Limit Number Of Parallel Requests To 20 (Instead Of Number Of Sites)

Previous code was allocating room for as many workers as there was sites. The problem is that as the number of sites has grown, there has not been enough memory to allocate all of those requests. In reality, having all of these requests in parallel does not really speed the processing: on my computer, the time to do a query for all of the sites was 1 minute 10 seconds before the change, and was 1 minute 9 seconds after the change. Limiting the number of workers to 10 did increase the query time to 1 minute 17s. I am not sure if that is just inconsistencies in network traffic, but I will leave the limit at 20 for now. Note that with the limit of 20, my query detected more sites than it did previously.
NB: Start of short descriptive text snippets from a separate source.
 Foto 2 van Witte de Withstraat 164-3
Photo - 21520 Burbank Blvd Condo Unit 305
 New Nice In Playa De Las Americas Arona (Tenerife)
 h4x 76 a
It appears that some of the requests were failing on my computer because of memory reasons (as opposed to actual detection on the site).
5 years ago · e0d2102810
parent 4b6d2c1166
commit e0d2102810
1 changed files with 10 additions and 6 deletions
--- a/sherlock.py
+++ b/sherlock.py
@ -180,9 +180,6 @@ def sherlock(username, site_data, verbose=False, tor=False, unique_tor=False,
    """
    print_info("Checking username", username, color)
    # Allow 1 thread for each external service, so `len(site_data)` threads total
    executor = ThreadPoolExecutor(max_workers=len(site_data))
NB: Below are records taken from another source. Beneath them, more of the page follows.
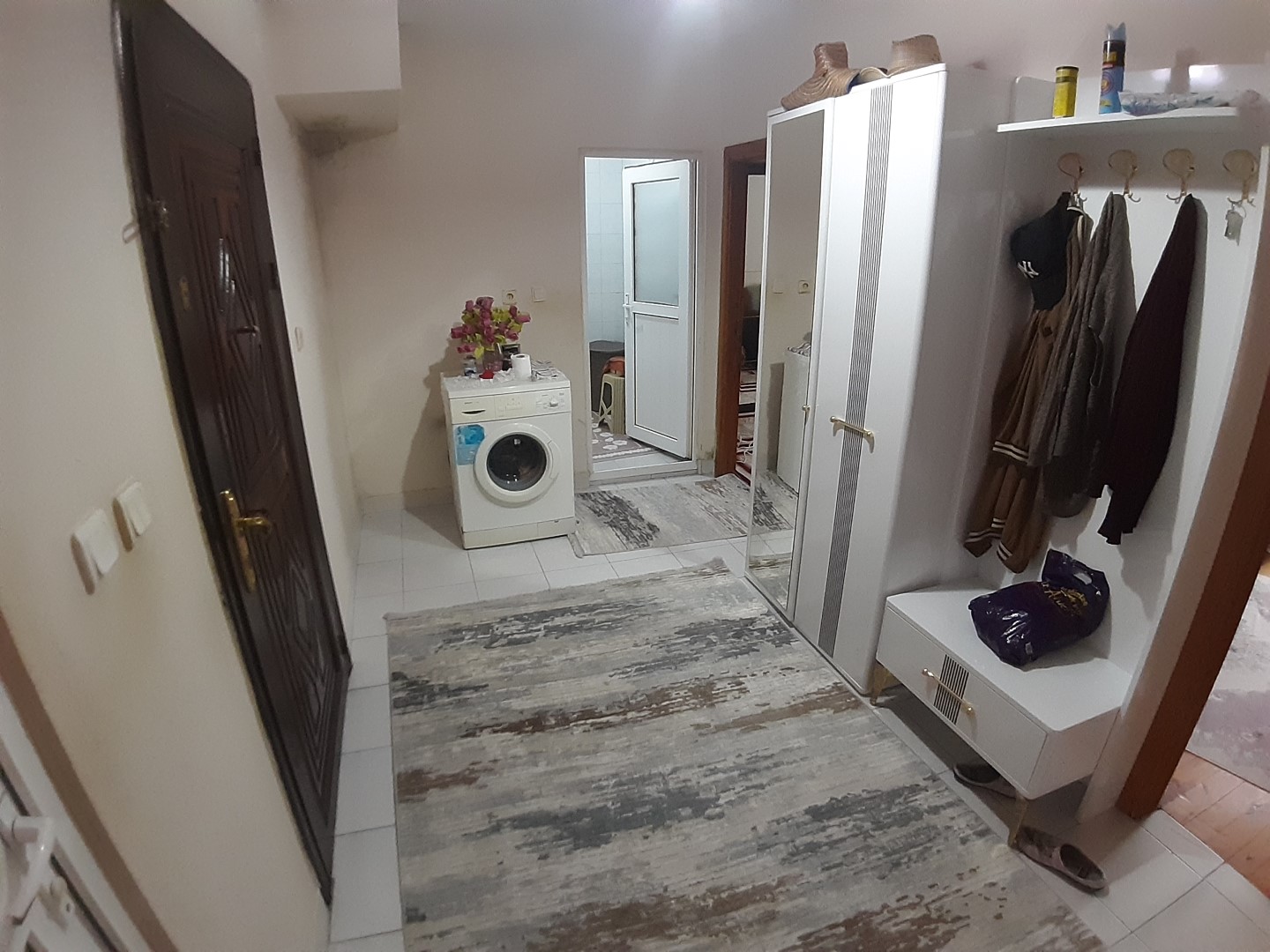 Satılık Daire, Trabzon / OF / İRFANLI MAHALLESİ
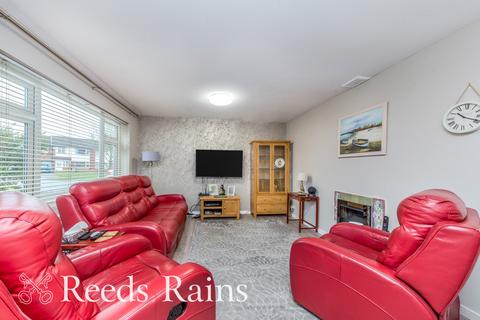 undefined, Walgrave Close, Cheshire CW12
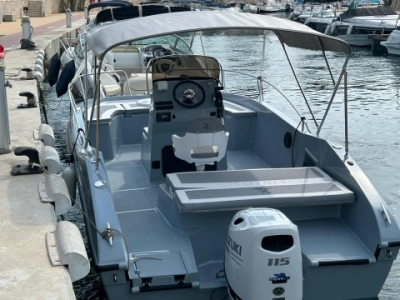 Foto del barco Astilux 600 Open 2025 2025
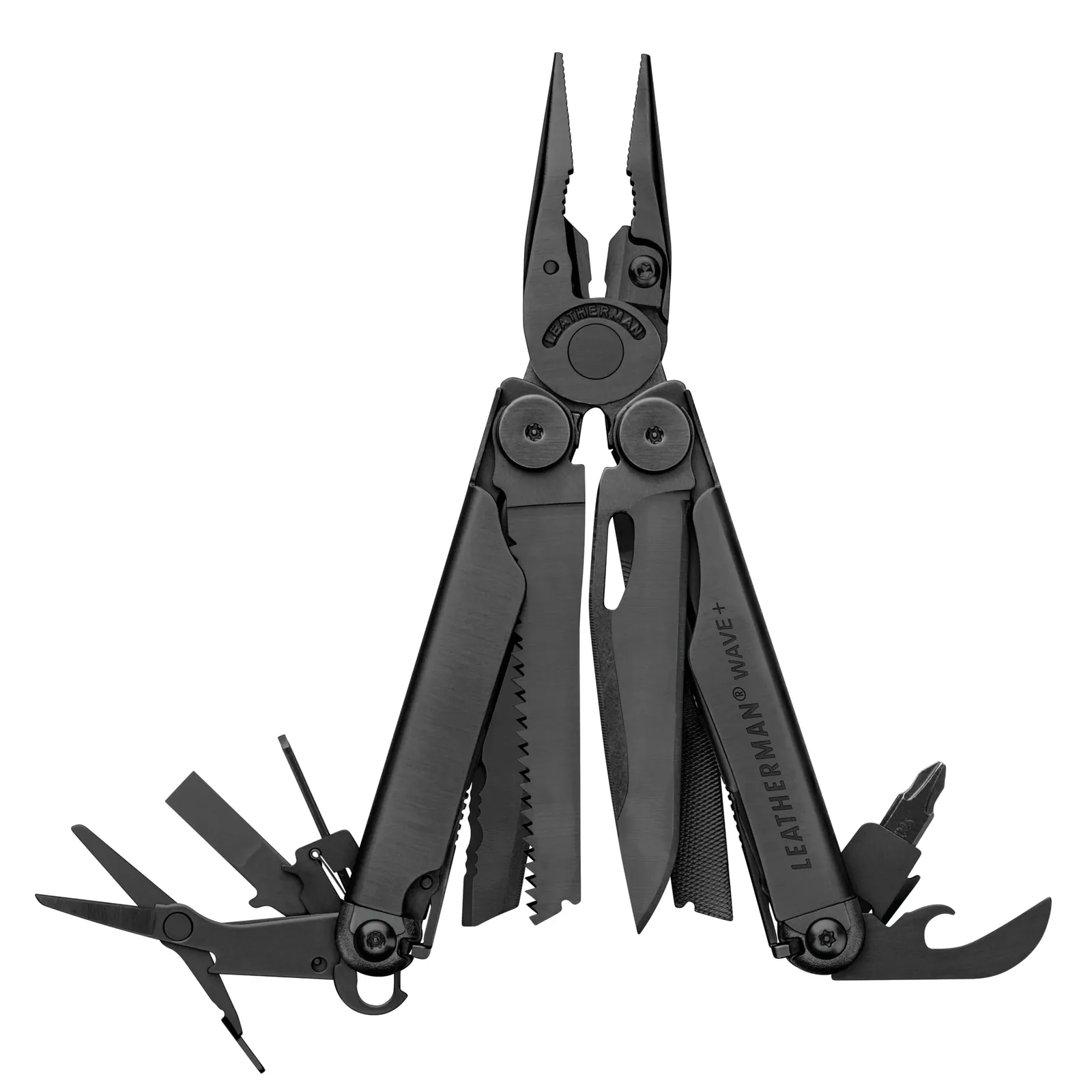 Leatherman Wave+ vs Victorinox SwissTool Spirit X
    # Create session based on request methodology
    if tor or unique_tor:
        #Requests using Tor obfuscation
@ -193,9 +190,16 @@ def sherlock(username, site_data, verbose=False, tor=False, unique_tor=False,
        underlying_session = requests.session()
        underlying_request = requests.Request()
-    # Create multi-threaded session for all requests. Use our custom FuturesSession that exposes response time
+    #Limit number of workers to 20.
-    session = ElapsedFuturesSession(
+    #This is probably vastly overkill.
-        executor=executor, session=underlying_session)
+    if len(site_data) >= 20:
        max_workers=20
    else:
        max_workers=len(site_data)
    #Create multi-threaded session for all requests.
    session = ElapsedFuturesSession(max_workers=max_workers,
                                    session=underlying_session)
    # Results from analysis of all sites
    results_total = {}